[Start of section]
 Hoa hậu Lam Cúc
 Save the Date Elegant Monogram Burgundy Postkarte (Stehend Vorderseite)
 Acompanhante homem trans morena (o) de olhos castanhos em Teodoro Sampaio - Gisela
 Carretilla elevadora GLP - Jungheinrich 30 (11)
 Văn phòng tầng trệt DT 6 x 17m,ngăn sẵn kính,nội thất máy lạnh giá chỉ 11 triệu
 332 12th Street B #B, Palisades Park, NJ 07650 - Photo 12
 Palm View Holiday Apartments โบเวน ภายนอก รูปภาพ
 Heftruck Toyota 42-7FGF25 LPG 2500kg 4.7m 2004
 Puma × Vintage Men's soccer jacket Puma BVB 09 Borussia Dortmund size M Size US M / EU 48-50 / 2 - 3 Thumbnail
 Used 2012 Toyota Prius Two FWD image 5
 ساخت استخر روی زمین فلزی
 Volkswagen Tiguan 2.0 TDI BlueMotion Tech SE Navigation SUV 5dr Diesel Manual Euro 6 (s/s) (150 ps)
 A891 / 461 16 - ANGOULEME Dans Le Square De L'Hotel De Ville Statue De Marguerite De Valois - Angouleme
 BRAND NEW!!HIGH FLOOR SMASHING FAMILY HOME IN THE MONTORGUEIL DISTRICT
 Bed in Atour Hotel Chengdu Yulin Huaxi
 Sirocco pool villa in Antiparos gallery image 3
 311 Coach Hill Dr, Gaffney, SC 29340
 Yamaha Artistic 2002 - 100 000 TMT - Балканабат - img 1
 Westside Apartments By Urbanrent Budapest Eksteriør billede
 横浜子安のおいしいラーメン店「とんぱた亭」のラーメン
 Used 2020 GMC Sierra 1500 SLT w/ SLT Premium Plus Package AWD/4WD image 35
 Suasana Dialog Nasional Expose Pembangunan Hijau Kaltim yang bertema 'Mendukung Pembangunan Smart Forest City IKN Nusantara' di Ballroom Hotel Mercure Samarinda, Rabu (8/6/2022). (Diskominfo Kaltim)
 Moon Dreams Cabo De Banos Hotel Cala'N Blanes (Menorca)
[End of section]
* EXERCISE OBJECTIVE *
Look for the word "Used" in the listing above, and copy every line where you find it.

* TASK OUTPUT *
 Used 2012 Toyota Prius Two FWD image 5
 Used 2020 GMC Sierra 1500 SLT w/ SLT Premium Plus Package AWD/4WD image 35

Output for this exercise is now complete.